**ABOUT THIS EXERCISE:**
Reproduce each record exactly. The pictures should be skipped.

▽

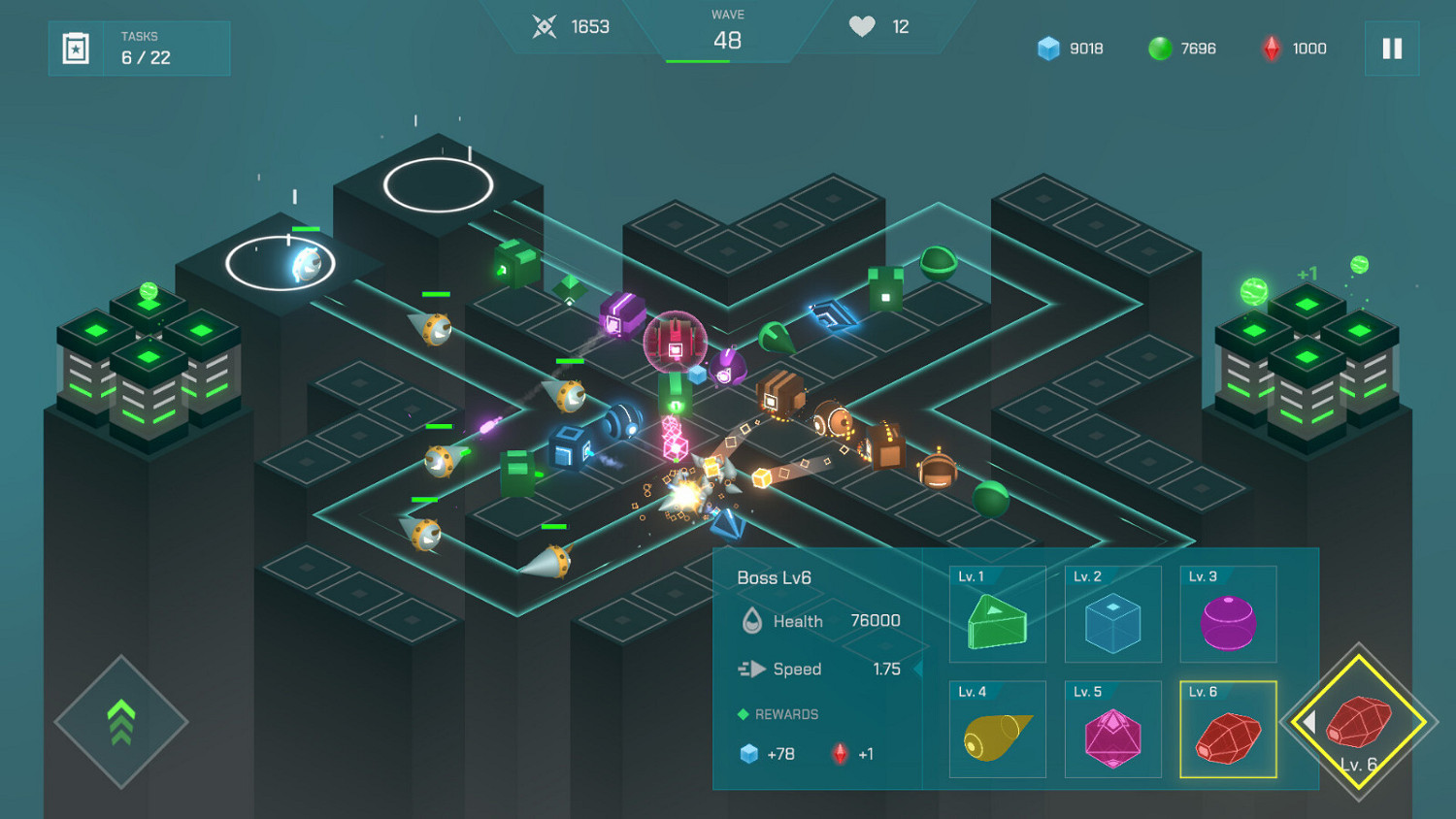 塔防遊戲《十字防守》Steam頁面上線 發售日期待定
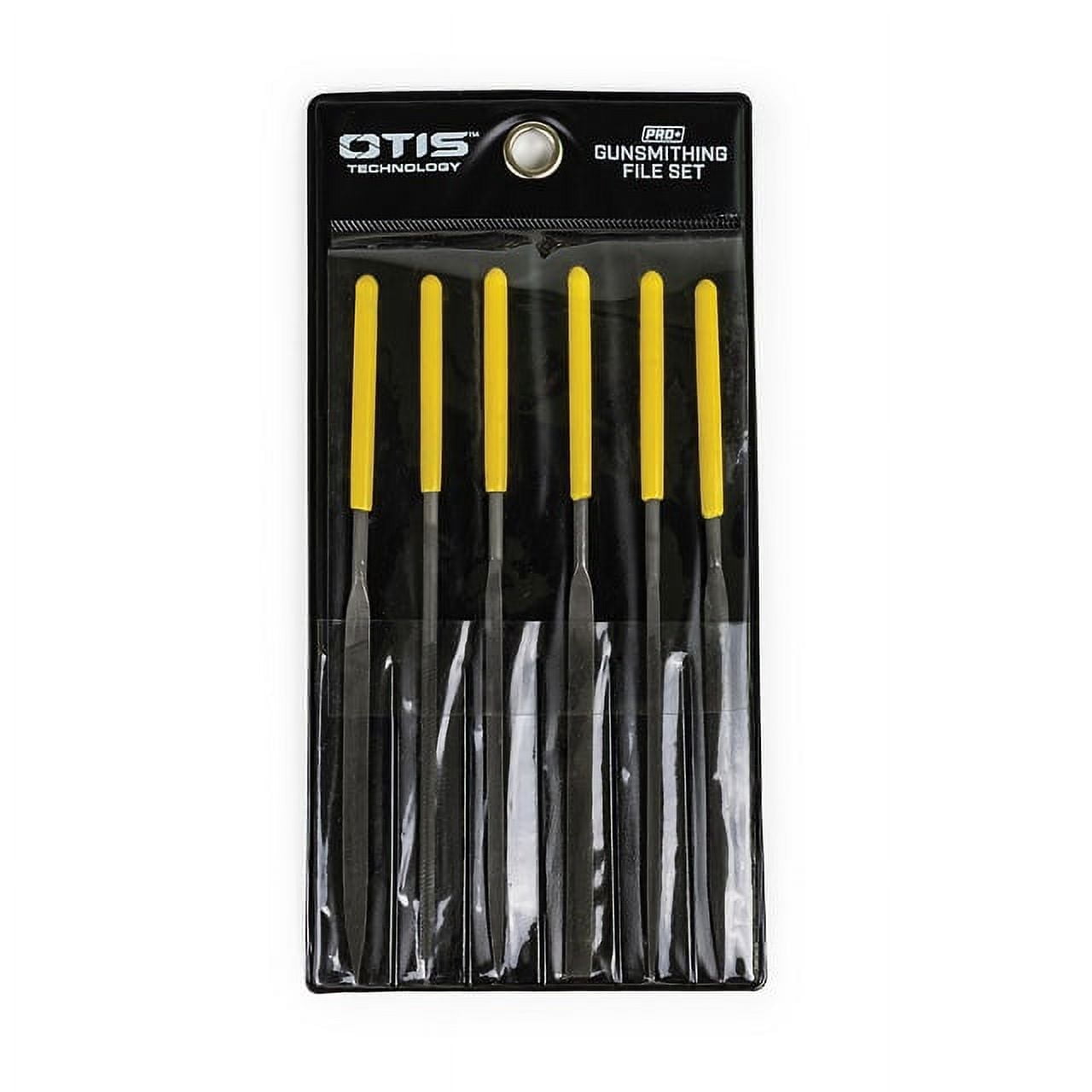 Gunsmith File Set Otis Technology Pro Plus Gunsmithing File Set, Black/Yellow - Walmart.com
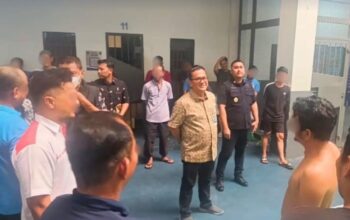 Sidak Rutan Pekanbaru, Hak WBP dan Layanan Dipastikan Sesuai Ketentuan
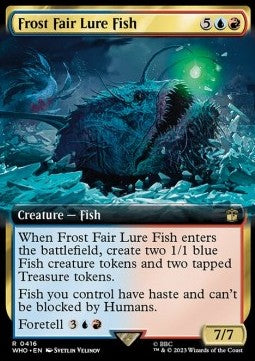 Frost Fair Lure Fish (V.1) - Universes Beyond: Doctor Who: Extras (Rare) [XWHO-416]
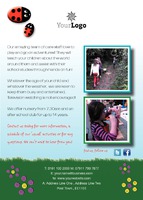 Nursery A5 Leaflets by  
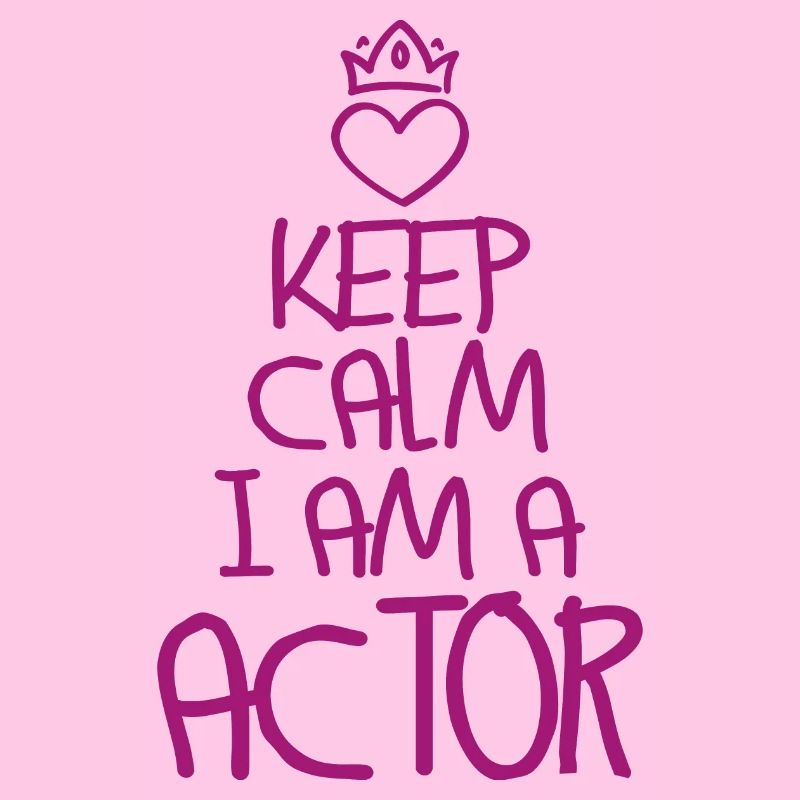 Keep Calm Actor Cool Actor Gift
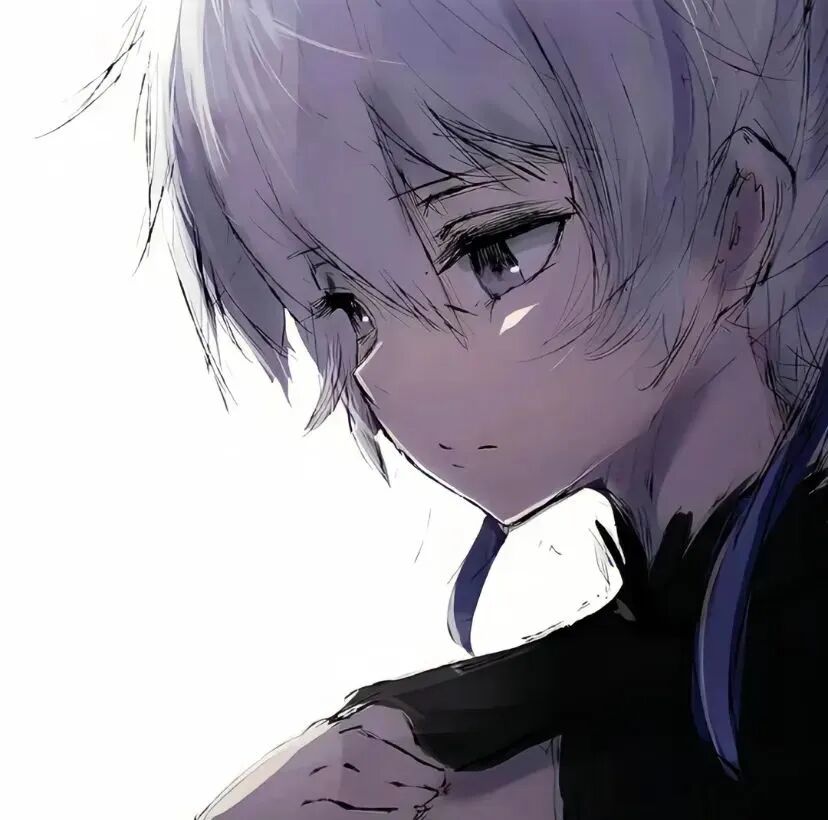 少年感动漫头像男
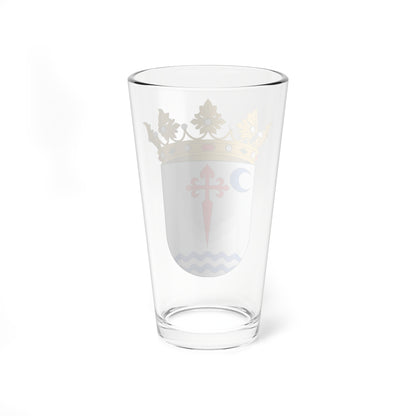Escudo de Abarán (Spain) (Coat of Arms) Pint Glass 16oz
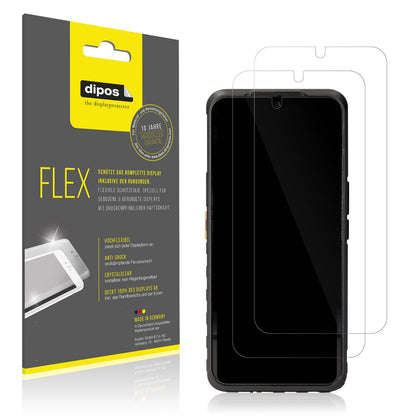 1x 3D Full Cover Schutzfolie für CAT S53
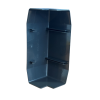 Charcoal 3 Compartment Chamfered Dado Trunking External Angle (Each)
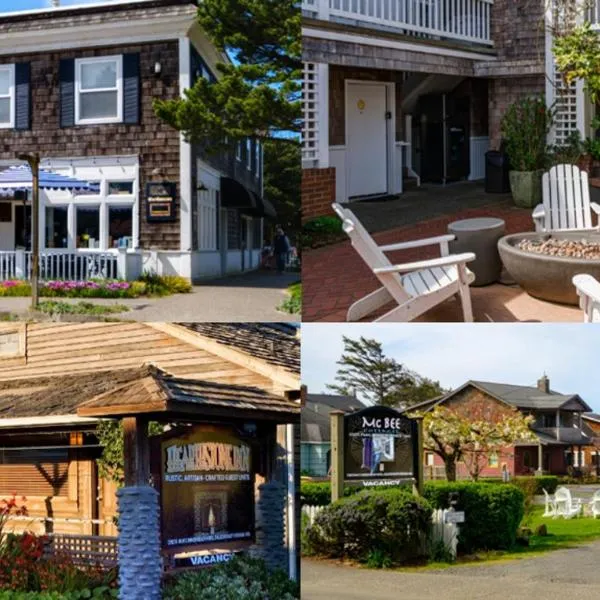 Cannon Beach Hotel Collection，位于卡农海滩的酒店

△

**FINISHED TASK:**
 塔防遊戲《十字防守》Steam頁面上線 發售日期待定
 Gunsmith File Set Otis Technology Pro Plus Gunsmithing File Set, Black/Yellow - Walmart.com
 Sidak Rutan Pekanbaru, Hak WBP dan Layanan Dipastikan Sesuai Ketentuan
 Frost Fair Lure Fish (V.1) - Universes Beyond: Doctor Who: Extras (Rare) [XWHO-416]
 Nursery A5 Leaflets by  
 Keep Calm Actor Cool Actor Gift
 少年感动漫头像男
Escudo de Abarán (Spain) (Coat of Arms) Pint Glass 16oz
 1x 3D Full Cover Schutzfolie für CAT S53
 Charcoal 3 Compartment Chamfered Dado Trunking External Angle (Each)
 Cannon Beach Hotel Collection，位于卡农海滩的酒店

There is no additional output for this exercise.